Labour has raised the alarm over sweeping new powers in proposed search and surveillance legislation that could affect the ability of journalists to protect their sources.
The changes are among a raft of new measures in the legislation, which the Government says must be passed by next month or it will threaten the ability of police to carry out covert surveillance.
Justice Minister Judith Collins yesterday tabled a 288-page document outlining the changes, which include letting police seize firearms licences and dealers' licences, and new powers to search people for firearms if there is a police safety order on them.
The Search and Surveillance Bill has had a rocky path through Parliament after languishing on the order paper for years.
The paralysis forced urgent temporary Video Camera Surveillance legislation last year after the courts ruled that search warrants executed by police did not allow them to use video surveillance.
The temporary legislation expires next month.
The bill brings together a raft of laws covering search and surveillance powers by a variety of agencies and specifies when searches may be carried, how they may be carried out and by whom.
It also gives police new powers including examination orders, production orders, surveillance device warrants and the ability to preserve evidence of serious offences punishable by 14 years' imprisonment or more.

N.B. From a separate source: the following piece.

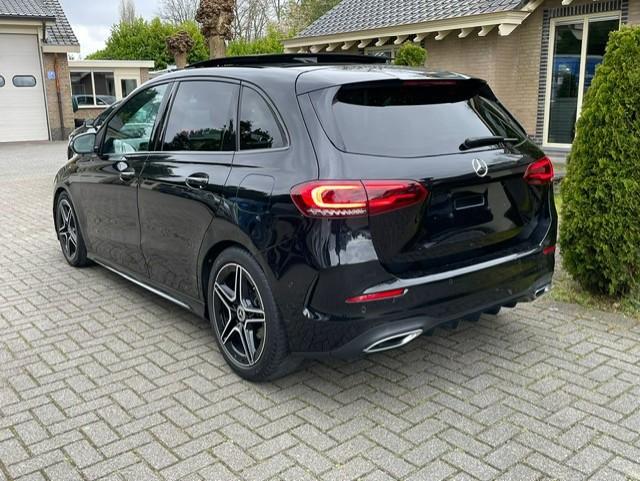 Mercedes-Benz B-klasse 200 d AMG LINE PANORAMADAK NAVI CAMER, Auto's, Mercedes-Benz, Automaat, Monovolume, Gebruikt, 110 kW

Ms Collins said the tight timeframe was why the changes would not be sent back to a select committee for public scrutiny.
"There is a risk that current investigations could be jeopardised along with the safety of police working on them."
She said the other major change - journalists' claim to journalistic privilege when protecting their sources of information - would be determined by a High Court judge. "While a claim of privilege is being decided by the court, the information in question will be held at the High Court for safekeeping - not with the agency conducting the search."
But Labour justice spokesman Charles Chauvel said protection of media privilege remained insufficient and the party would not be supporting the changes.
Fairfax Media group executive editor Paul Thompson said the changes "on the face of it" seemed a genuine attempt by the Government to safeguard journalists' ethical responsibility to protect sources. "But it is nevertheless a concern that reporters would be required to hand over information to a judge who may in turn decide to hand it over to an investigating agency. We need to know more about this proposal, which could have a chilling effect on investigative journalism."